From EP-B-0127.449 a container is known being provided with a spraying head.
The object of the present invention is to avoid the disadvantages described above and to provide a container bag unit in which the container can be placed on the dispensing device without any problem.
The invention is based on the idea of fitting the piercing means on the outside of the flexible bag. The laborious search for the pipe in the flexible bag and the positioning in a specific direction are consequently no longer necessary. The place at which the coupling means are fitted is clear and well defined. Welding them to the container bag provides a sturdy connection, while there is little or no adverse effect on the strength of the bag, i.e. the bag also stretches inside the coupling means in the same way as before the fitting of the coupling means.
Firstly, fitting the piercing means in the coupling means ensures that the piercing means need be used only once, namely purely for use with the container concerned. The result is that a relatively simple plastic part will suffice, and it can often be made of the same material as the coupling means and as a part thereof.
Secondly, this means that the pointed side of the piercing means can be accommodated in the coupling means and that only the contact part--i.e. the part on which the pressure is to be exerted--of the piercing means is accessible from the outside. Of course, this contact part need not be sharp, but must only be capable of transmitting forces.
According to an advantageous embodiment of the invention, the coupling means comprise a sleeve-shaped part through which the product flows, inside which the piercing means are fitted. This is a particularly simple embodiment, and such a design can be made in one construction operation. It is, of course, also possible to have loose piercing means which are confined between two edges in the sleeve-shaped part.
The piercing means can comprise any means known in the prior art, but it is preferable for them to comprise a pointed element with ribs, in which the point is, of course, directed towards the container to be pierced. According to a further advantageous embodiment in which the piercing means are made integral with the coupling means, a connection is made with the coupling means, or the abovementioned sleeve-shaped part, by means of a break connection. When said break connection is removed, the piercing means come away from the coupling means, and the container can be pierced by exerting pressure thereon from the side which is not pointed. The projecting part remaining on the coupling means can be used for, for example, snapping the accommodation part of the dispensing device into a groove. It is also possible to accommodate the piercing means in such a way that they are freely movable in the sleeve-shaped part.

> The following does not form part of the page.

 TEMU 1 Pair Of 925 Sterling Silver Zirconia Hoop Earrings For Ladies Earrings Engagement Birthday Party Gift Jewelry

The flexible bag and the coupling means are preferably made of the same material, but with different densities. An example is the use of high-density polyethylene for the bag and low-density polyethylene for the coupling means. Such materials are easily welded together. The bag can, of course, comprise a laminated construction in which the coupling means are welded only at the outermost layer of the laminate. Since polyethylene in particular is a relatively soft material, it is preferable in such a case to make the piercing means from another, harder material.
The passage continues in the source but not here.